Data segment —

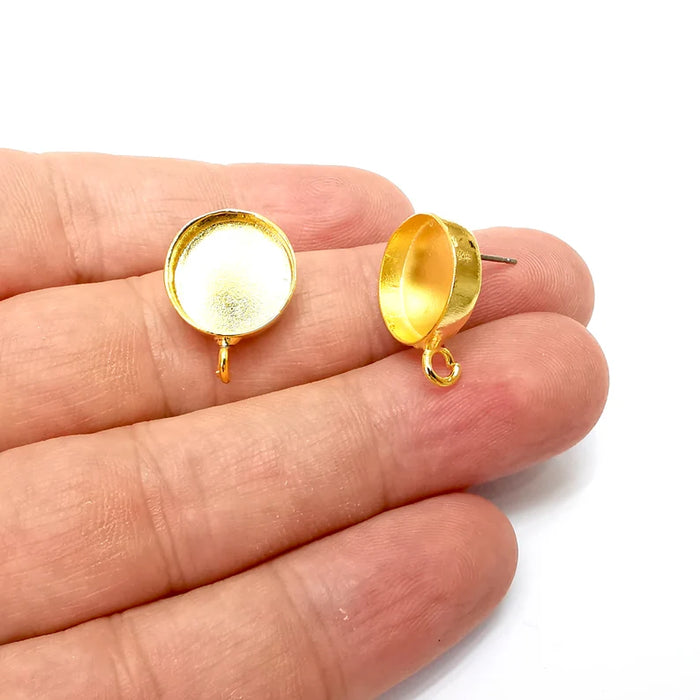 Earring Stud Base Blank with Loop, Earring Post, Ear Setting Resin Bezel, Cabochon Mounting, Shiny Gold Plated Brass (14mm blank) G36108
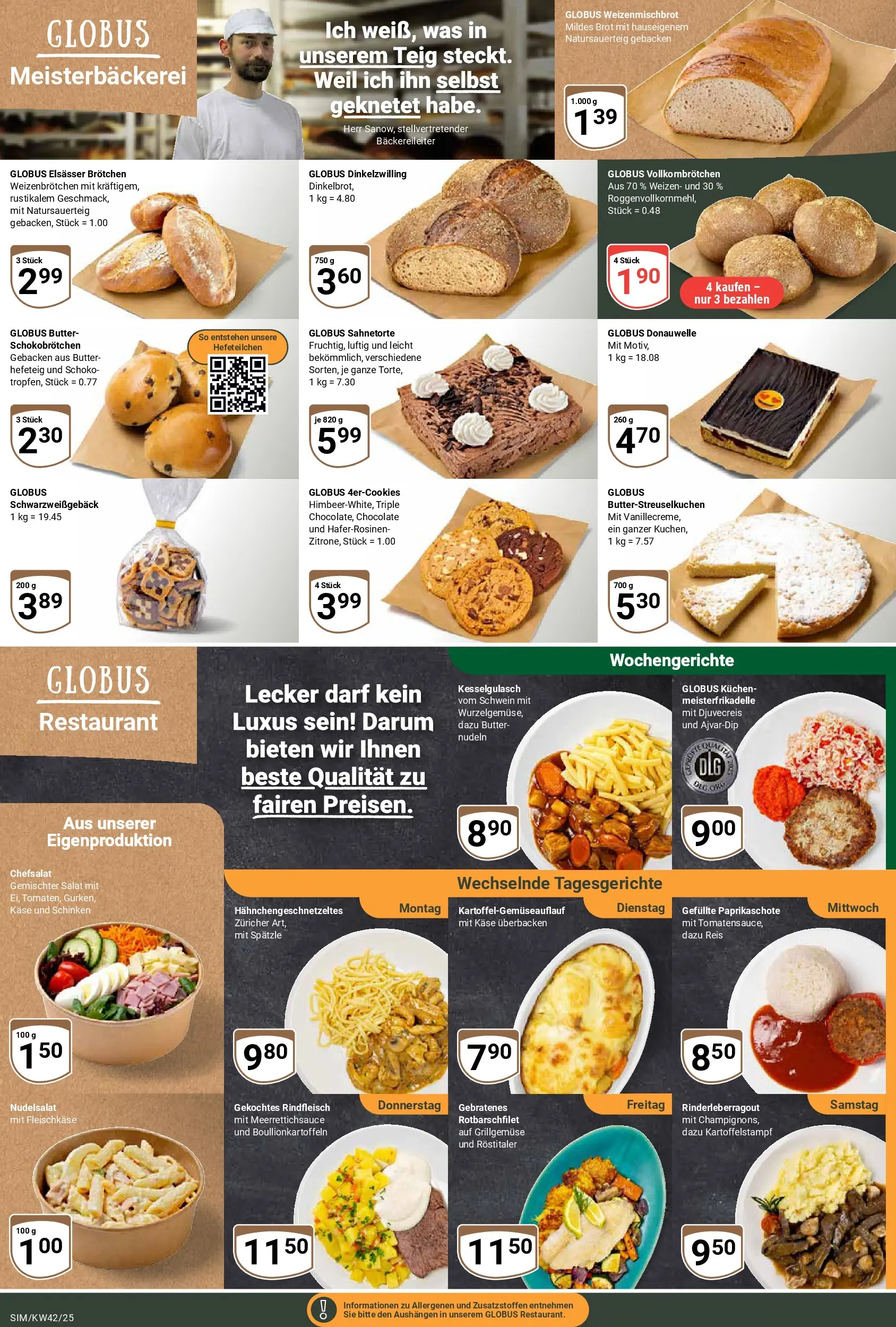 Globus prospekt Simmern	 (ab 12.10.2025) » Angebote online | Seite: 9 | Produkte: Butter, Schinken, Nudeln, Kuchen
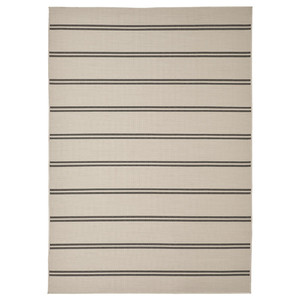 VIRKLUND Rug flatwoven, in/outdoor, beige/dark grey, 160x230 cm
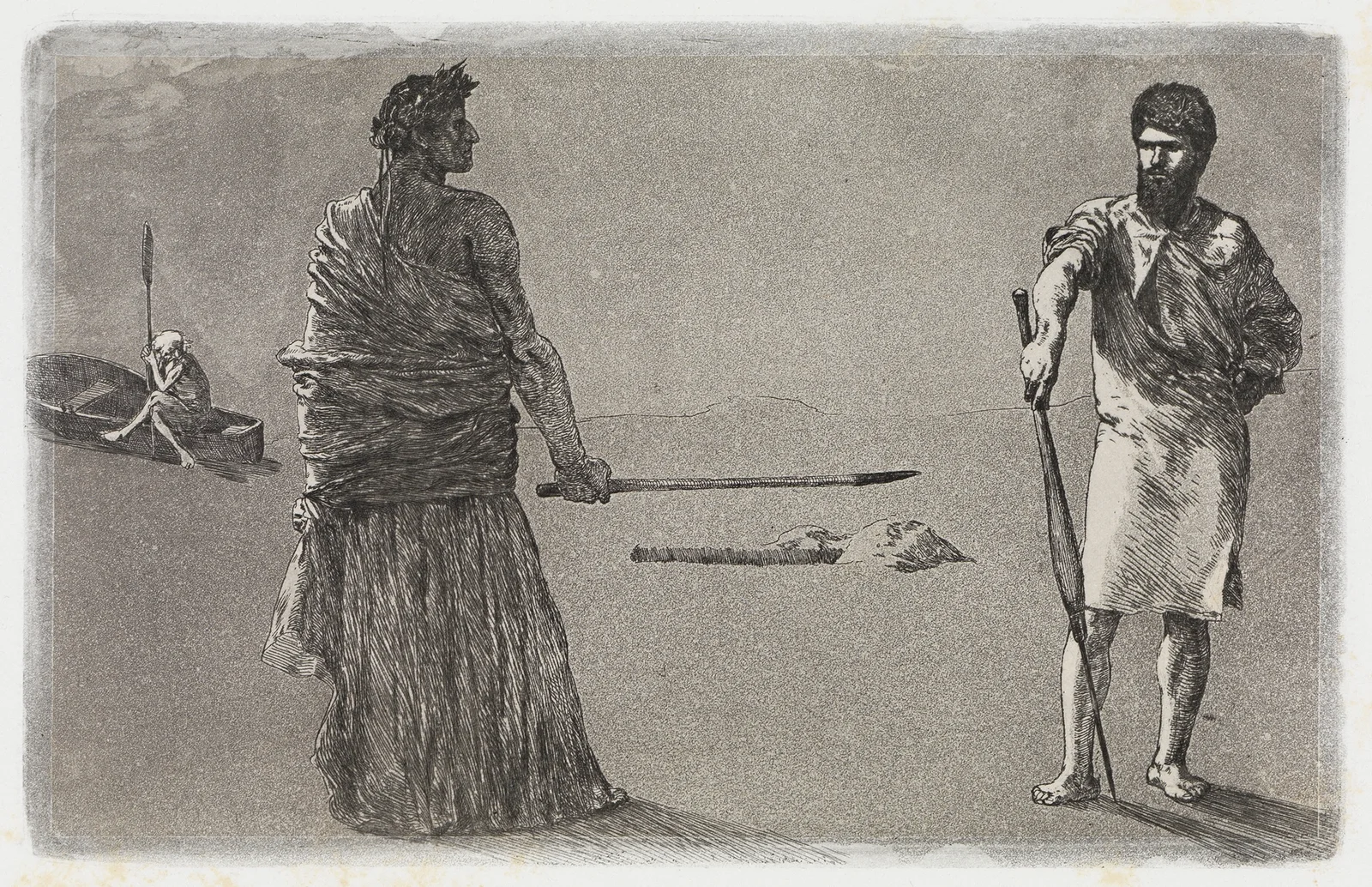 Schluss (Satyre ; Beschluss) (Rettungen Ovidischer Opfer, Opus II, Blatt 13) av Max Klinger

Task requirements — Once the pictures are set aside, output all of the data above verbatim.

Finished exercise —
 Earring Stud Base Blank with Loop, Earring Post, Ear Setting Resin Bezel, Cabochon Mounting, Shiny Gold Plated Brass (14mm blank) G36108
 Globus prospekt Simmern	 (ab 12.10.2025) » Angebote online | Seite: 9 | Produkte: Butter, Schinken, Nudeln, Kuchen
 VIRKLUND Rug flatwoven, in/outdoor, beige/dark grey, 160x230 cm
 Schluss (Satyre ; Beschluss) (Rettungen Ovidischer Opfer, Opus II, Blatt 13) av Max Klinger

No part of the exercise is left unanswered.